_Dataset records_
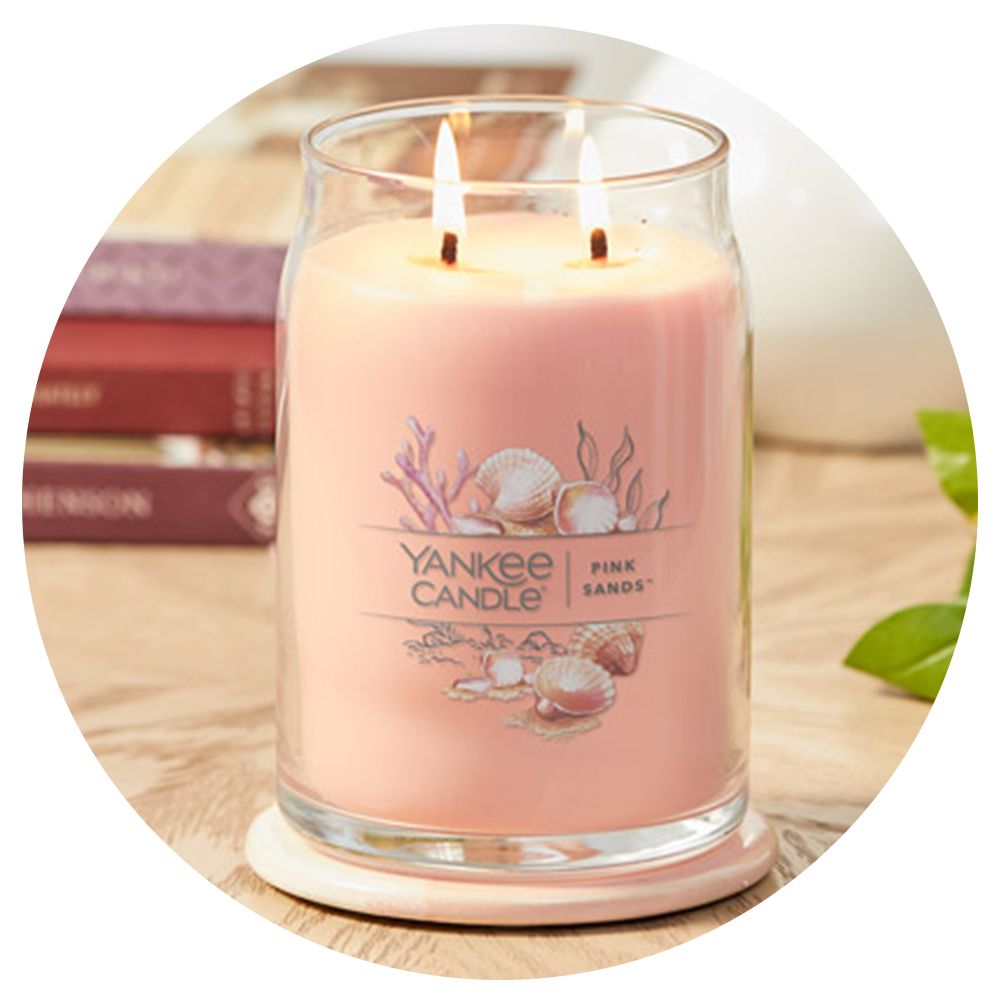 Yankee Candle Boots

==

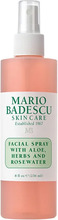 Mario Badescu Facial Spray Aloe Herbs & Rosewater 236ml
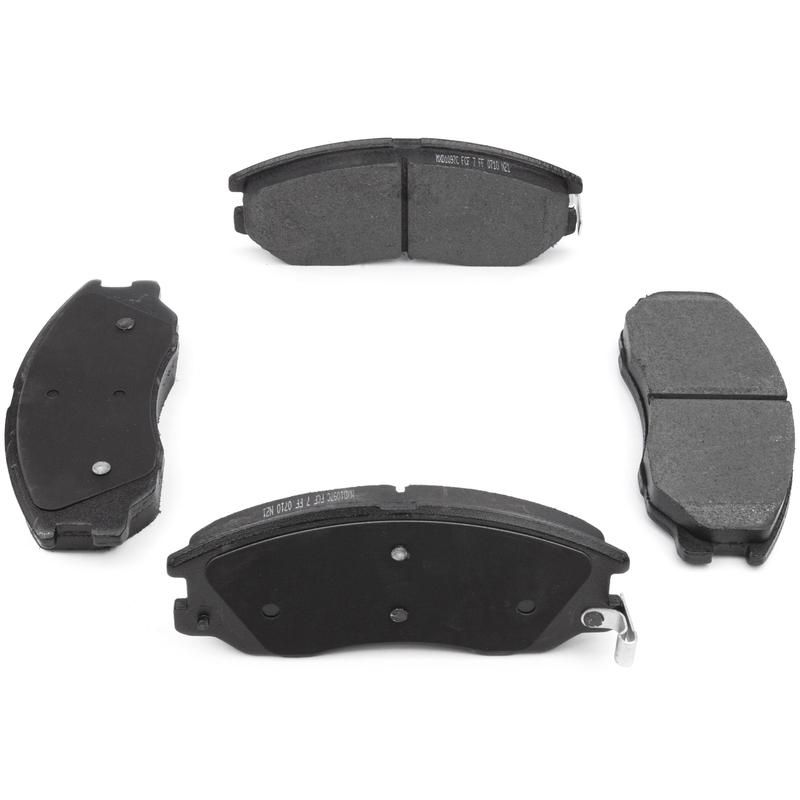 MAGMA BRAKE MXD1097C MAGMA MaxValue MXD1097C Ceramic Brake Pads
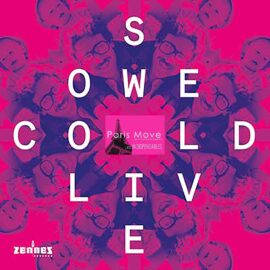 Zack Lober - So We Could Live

_What to do_
Copy the lines above exactly, starting with the line that contains "Mario Badescu Facial" and ending with the line that contains "Zack Lober - So We Could Live", and leave out any pictures.

_Response to this exercise_
 Mario Badescu Facial Spray Aloe Herbs & Rosewater 236ml
 MAGMA BRAKE MXD1097C MAGMA MaxValue MXD1097C Ceramic Brake Pads
 Zack Lober - So We Could Live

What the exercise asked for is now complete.